Many of the ion chambers designed for high-accuracy dosimetry measurements use materials that are nearly tissue equivalent or air equivalent in atomic composition. This often leads to the use of plastics (or, in some cases, graphite) that are near tissue or air equivalent. While metals have been used in some designs, they have the disadvantage that the increased atomic number of metallic constituents compared to plastics or graphite can lead to some possible excess response to photons, especially to low-energy photons (enhanced photoelectric effect) and high-energy photons (enhanced pair production process). When metals are used, aluminum is a common choice because, among the commonly available metals, it has a relatively low atomic number.

The plastics used for electrodes are often made electrically volume conductive, frequently by loading them with graphite during manufacture. In other cases tissue- or air-equivalent nonconducting plastics are used, and the electrode surfaces are made conducting by coating with colloidal graphite. In some cases the conductive coatings have been applied in the form of a very thin metallic coating, aluminum being one of the more common choices.
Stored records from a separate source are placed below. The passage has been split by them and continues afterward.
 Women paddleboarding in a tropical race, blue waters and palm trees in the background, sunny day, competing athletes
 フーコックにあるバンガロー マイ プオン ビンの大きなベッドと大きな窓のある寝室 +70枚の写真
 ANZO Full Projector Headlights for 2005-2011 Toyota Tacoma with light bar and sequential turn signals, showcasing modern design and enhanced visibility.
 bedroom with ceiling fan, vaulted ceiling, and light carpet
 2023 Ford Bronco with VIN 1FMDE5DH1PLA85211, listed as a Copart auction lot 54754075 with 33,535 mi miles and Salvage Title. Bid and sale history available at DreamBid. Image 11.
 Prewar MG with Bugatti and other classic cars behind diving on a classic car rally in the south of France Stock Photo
In a parallel plate chamber, the active surfaces of the disc-shaped collecting electrode and the guard ring lie in the same plane, separated from each other by a narrow insulating gap. The use of conducting plastic or graphite-coated plastic is popular for both collecting electrode and guard ring in such chambers.

For cylindrical and spherical ion chambers, the guard electrode forms a cylindrical conducting shield around the stem end of the collecting electrode, separated from the collecting electrode by a plastic insulator. A second cylindrical insulator separates the guard ring from the outer electrode. For high-accuracy tissue or air dose measurements, it is again desirable to use construction materials that have low atomic numbers, similar to soft tissue or air. Again, conducting plastics and/or graphite-coated electrodes are desirable. The guard electrode may be fabricated by coating the outer cylindrical surface of the insulator with conducting graphite to provide a favorable atomic number. Some such ionization chambers have been fabricated with a thin metallic coating on the outer surface of the insulator.

Depending on the design of the chamber, it may be desirable to have the cylindrical guard ring longer in dimension than the inner insulator, and some chambers have used conducting plastic, machined in the form of a hollow cylindrical guard ring to fit around the inner insulator. Metallic conductors have also been used in designs for some chambers to meet the requirements for sizing and specialized shaping of the guard electrode. While photon interactions in such metallic components may produce some errant response, the magnitude can usually be kept acceptably low (by limiting the atomic number and mass of the metal) and/or be properly assessed.

Ionization chambers intended for routine health physics operational measurements often have less demanding construction requirements than do chambers built for other dosimetry applications, and may use more metal in various instrument parts.

George Chabot, PhD, CHP